• Exercise:
Excluding pictures, give the entries again exactly as they appear.

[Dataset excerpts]
----------------

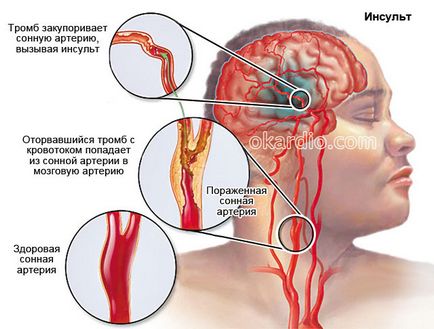 Toate simptomele unui accident vascular cerebral și primele semne ale unei revizuiri complete
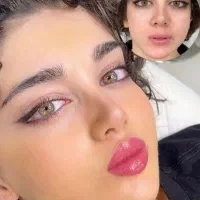 جشنواره ژل بوتاکس فیلر لیزرجوانسازمزو|خدمات آرایشگری و زیبایی|تبریز, |دیوار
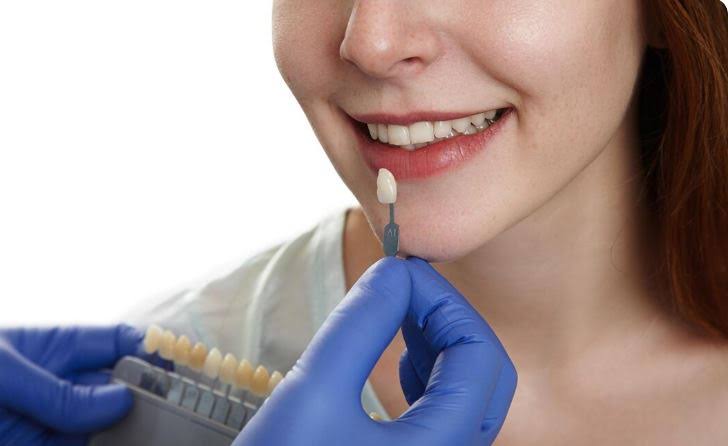 Dental Crowns product image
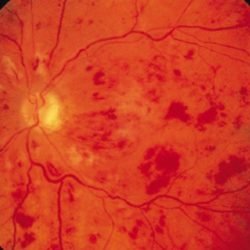 reinal vein occlusion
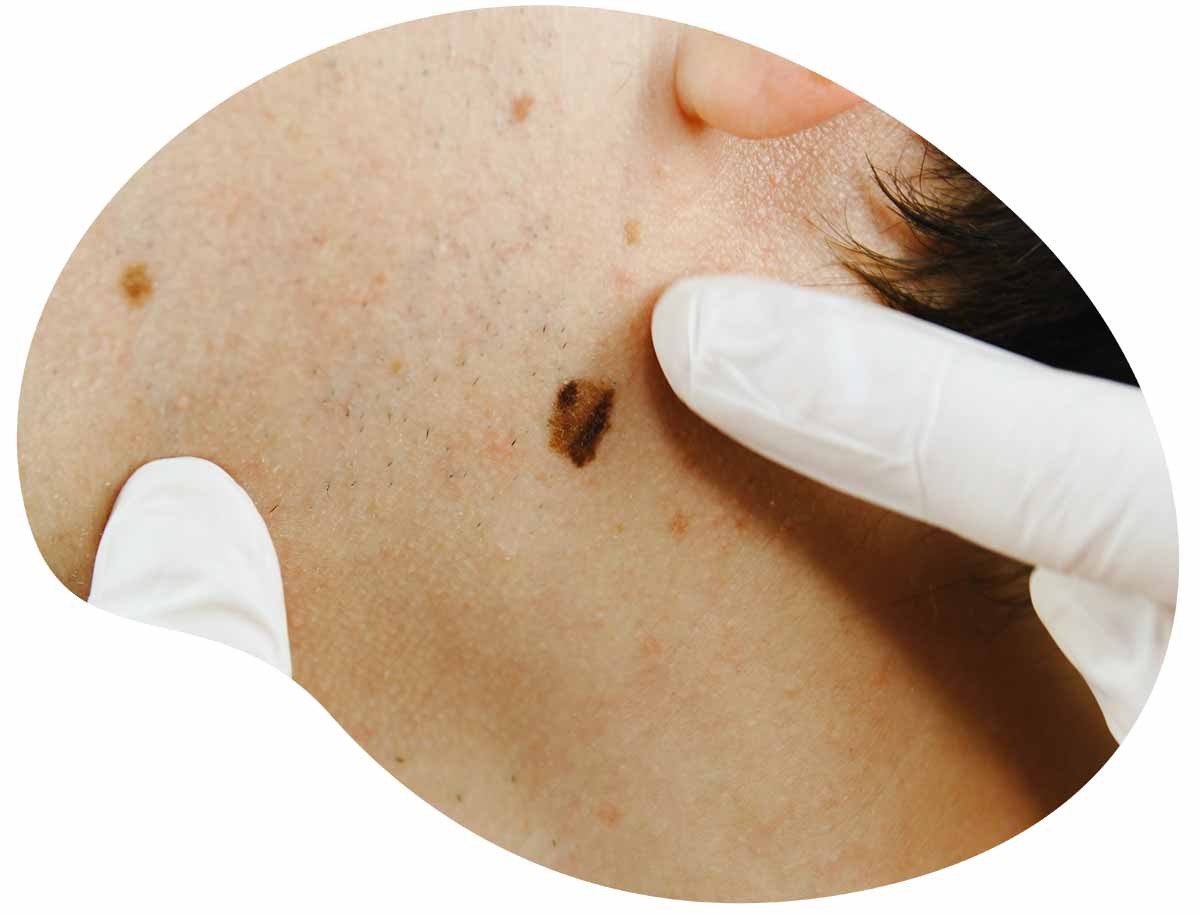 détection de la cancer de la peau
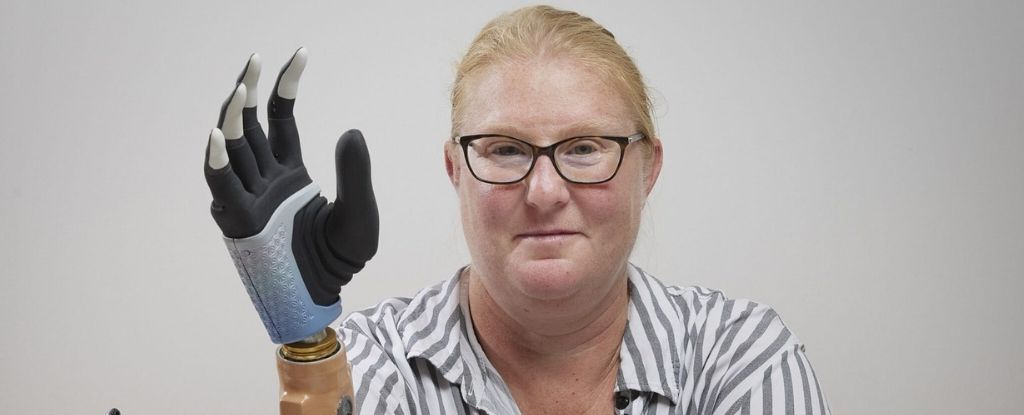 Após um acidente agrícola, Karin (cujo sobrenome não foi divulgado) passou 20 anos sem uma das mãos, vivendo com dores fantasmas excruciantes. O implante foi feito há três anos e buscou pela perfeita integração entre biologia e robótica -
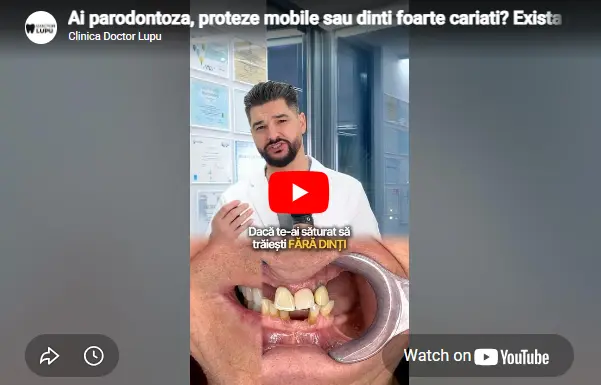 Ai parodontoza, proteze mobile sau dinti foarte cariati? Exista solutii!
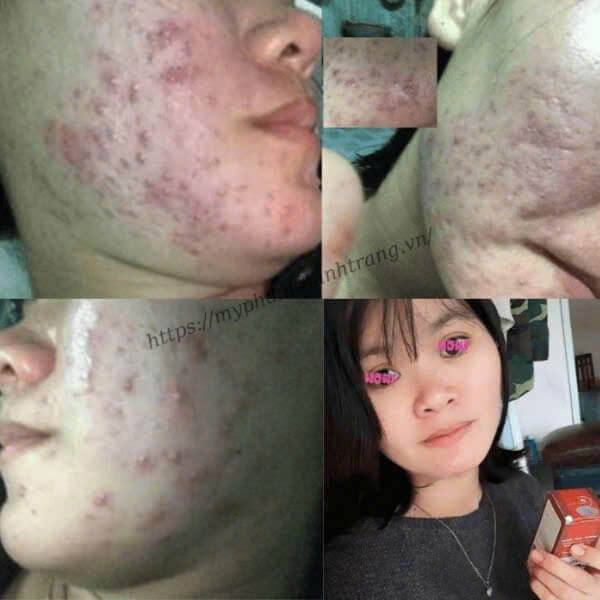 Phản hồi khách hàng xài Linh Chi Vi Mụn Phản hồi khách hàng xài Linh Chi Vi Mụn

----------------

• Answer box:
 Toate simptomele unui accident vascular cerebral și primele semne ale unei revizuiri complete
 جشنواره ژل بوتاکس فیلر لیزرجوانسازمزو|خدمات آرایشگری و زیبایی|تبریز, |دیوار
 Dental Crowns product image
 reinal vein occlusion
 détection de la cancer de la peau
 Após um acidente agrícola, Karin (cujo sobrenome não foi divulgado) passou 20 anos sem uma das mãos, vivendo com dores fantasmas excruciantes. O implante foi feito há três anos e buscou pela perfeita integração entre biologia e robótica -
 Ai parodontoza, proteze mobile sau dinti foarte cariati? Exista solutii!
 Phản hồi khách hàng xài Linh Chi Vi Mụn Phản hồi khách hàng xài Linh Chi Vi Mụn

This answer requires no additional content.